Image-caption web data
* * *
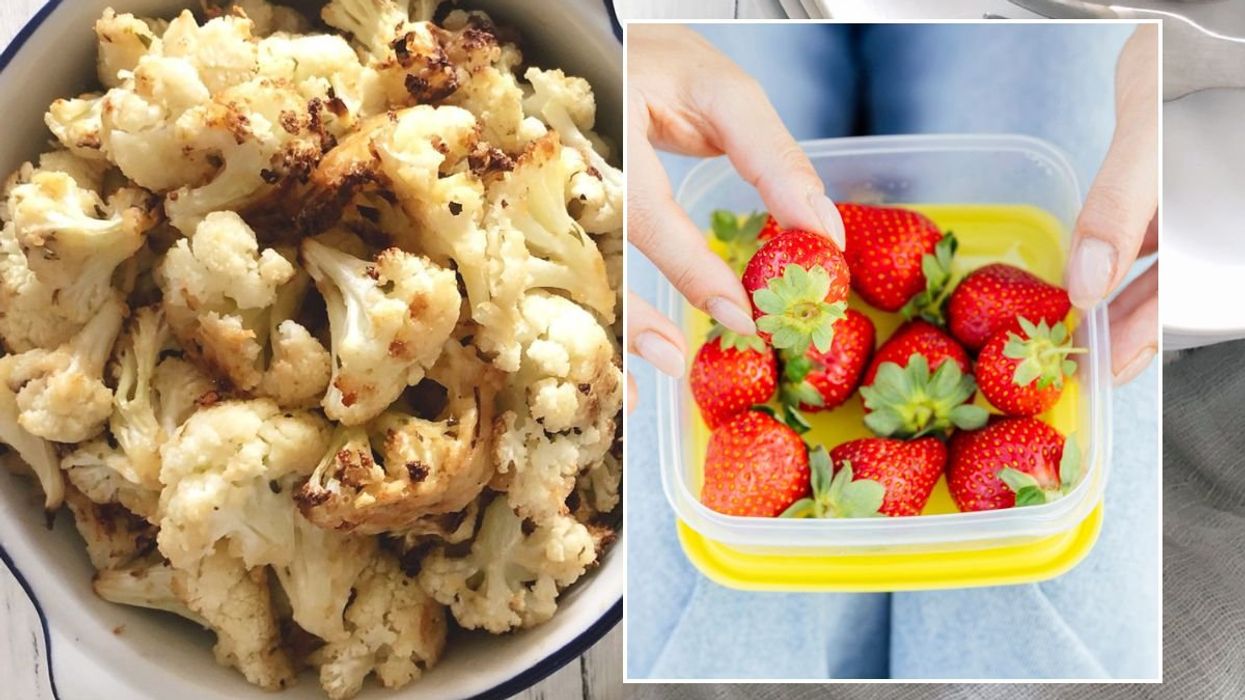 Bowl of cauliflower / Woman eating from a container of strawberries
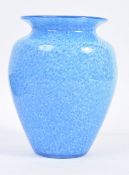 BELIEVED SCOTTISH STUDIO ART GLASS VASE BLUE OVOID FORM
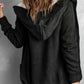 Fleece-Lined Hooded Cable Cardigan
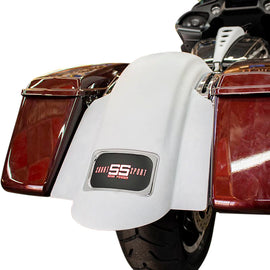 BAGGERNATION Swoop Short Sport Rear Fender with Chrome Plate Frame on motorcycle body, showcasing sleek design and chrome accents.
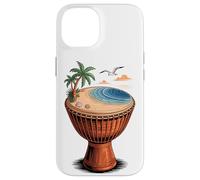 Djembé Plage Tropique Mer Palmiers Art Rythme Musique Visuel Coque pour iPhone 14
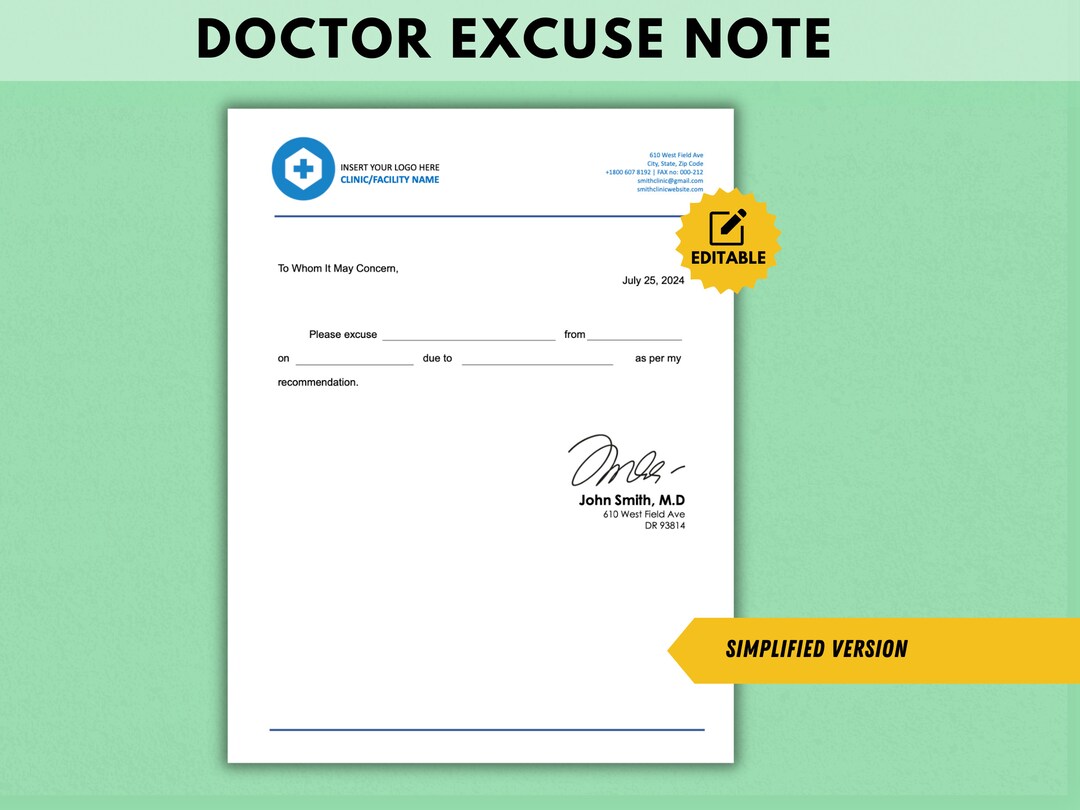 Editable Doctor Excuse Note Template (A4 & US Letter) - Etsy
* * *
Copy the records exactly. Skip any pictures.

 Bowl of cauliflower / Woman eating from a container of strawberries
 BELIEVED SCOTTISH STUDIO ART GLASS VASE BLUE OVOID FORM
 Fleece-Lined Hooded Cable Cardigan
 BAGGERNATION Swoop Short Sport Rear Fender with Chrome Plate Frame on motorcycle body, showcasing sleek design and chrome accents.
 Djembé Plage Tropique Mer Palmiers Art Rythme Musique Visuel Coque pour iPhone 14
 Editable Doctor Excuse Note Template (A4 & US Letter) - Etsy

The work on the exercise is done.